Ok, with filtering things start to look very very good.
I am impressed....
here's my observation.
spikes in cache are no more recognizable as leaks/bleeding/fireflies. And even extremely difficult situation/stresstest (sun+sky+interior+small pool/100K photons, + small cache size/100K photons) won't look like bleeding, just weird lighting overall.
Since preprocess time can be very fast even with moderate numbers, I think that lower limit for cache pool and size should be set (we need to figure out where things start to fall apart and/or take too much time with ~mainstream HW) this will enable users to just not care about cache settings and won't allow to break cache.
Also usage threshold of 4 seems very fair to large spaces and still fast to render even on cpu (lookup from 25-35 cm). without requiring too much photons
@Dade, the spikes are not really gone. You know that, but to make sure they are not really visible, a standard of photon count + cache size has to be on a certain level.
Here is a very fast precalc setting of 1 000 000 photons + 500 000 cache size with 35cm lookup and 4 threshold scale:
at first sight, it is clean and super fast (5min on gtx1060 at 4K) but there is a pretty strong blue tint in the small hallway with plane in center of the image, coming from the sky. Yes, it's a big scene and lot of trees and interior and probably 2-4x more photons are needed but I just wanted to say, that spikes are gone in form of leaks, but might still show up in form of weird color cast now when settings/photon counts are low.

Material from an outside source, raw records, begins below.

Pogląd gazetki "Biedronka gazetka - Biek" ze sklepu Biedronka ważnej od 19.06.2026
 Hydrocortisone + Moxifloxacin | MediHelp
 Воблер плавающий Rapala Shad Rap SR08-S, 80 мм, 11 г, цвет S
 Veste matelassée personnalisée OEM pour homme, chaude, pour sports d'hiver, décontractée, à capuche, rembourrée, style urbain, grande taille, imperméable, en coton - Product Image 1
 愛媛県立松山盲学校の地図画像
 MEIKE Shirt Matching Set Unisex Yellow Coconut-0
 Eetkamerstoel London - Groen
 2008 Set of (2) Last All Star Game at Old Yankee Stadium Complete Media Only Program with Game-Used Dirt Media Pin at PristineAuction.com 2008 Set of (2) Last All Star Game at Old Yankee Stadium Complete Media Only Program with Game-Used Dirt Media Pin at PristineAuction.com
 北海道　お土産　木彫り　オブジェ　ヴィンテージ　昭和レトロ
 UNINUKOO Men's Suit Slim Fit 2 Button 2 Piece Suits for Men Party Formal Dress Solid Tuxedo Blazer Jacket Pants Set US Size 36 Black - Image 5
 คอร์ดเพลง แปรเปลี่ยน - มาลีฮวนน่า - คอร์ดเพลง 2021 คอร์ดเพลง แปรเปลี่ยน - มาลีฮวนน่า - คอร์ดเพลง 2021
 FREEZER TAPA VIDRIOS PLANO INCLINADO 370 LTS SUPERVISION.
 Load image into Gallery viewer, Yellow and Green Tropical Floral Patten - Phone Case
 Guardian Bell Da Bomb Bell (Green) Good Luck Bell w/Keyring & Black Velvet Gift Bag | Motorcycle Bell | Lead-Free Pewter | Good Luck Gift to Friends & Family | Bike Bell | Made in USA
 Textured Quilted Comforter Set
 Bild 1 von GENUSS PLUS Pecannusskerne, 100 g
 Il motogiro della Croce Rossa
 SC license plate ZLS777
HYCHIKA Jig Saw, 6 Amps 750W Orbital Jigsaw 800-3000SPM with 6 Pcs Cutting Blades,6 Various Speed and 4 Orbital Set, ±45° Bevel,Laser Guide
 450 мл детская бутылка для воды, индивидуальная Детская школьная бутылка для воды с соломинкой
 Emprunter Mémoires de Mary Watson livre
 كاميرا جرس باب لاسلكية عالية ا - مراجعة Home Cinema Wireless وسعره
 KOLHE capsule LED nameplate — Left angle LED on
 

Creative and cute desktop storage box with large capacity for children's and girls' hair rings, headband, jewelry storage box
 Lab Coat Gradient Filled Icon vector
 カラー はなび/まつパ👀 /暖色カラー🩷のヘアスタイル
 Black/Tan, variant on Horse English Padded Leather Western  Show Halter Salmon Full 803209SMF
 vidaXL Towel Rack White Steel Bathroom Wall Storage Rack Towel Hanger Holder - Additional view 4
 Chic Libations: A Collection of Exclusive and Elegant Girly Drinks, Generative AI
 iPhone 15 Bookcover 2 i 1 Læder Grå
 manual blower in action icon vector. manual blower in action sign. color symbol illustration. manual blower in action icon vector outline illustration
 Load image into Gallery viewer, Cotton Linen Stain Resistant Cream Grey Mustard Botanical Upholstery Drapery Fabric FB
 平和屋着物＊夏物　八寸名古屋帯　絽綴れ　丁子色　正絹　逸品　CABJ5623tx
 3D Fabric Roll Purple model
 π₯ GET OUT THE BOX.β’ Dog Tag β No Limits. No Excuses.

So, maybe we should start thinking about defaults and start hiding and limiting some settings.
If preprocess setup would take anywhere from 1 to 4 seconds on HW like my current outdated (4770K and gtx1060) it should be the low end, no less available (to avoid user errors and funky bogus tutorials about performance improvements with extreme settings)
All in all, I'm very happy with how this turned out. Only thing left now is the support for all materials so that complex scenes can be tested.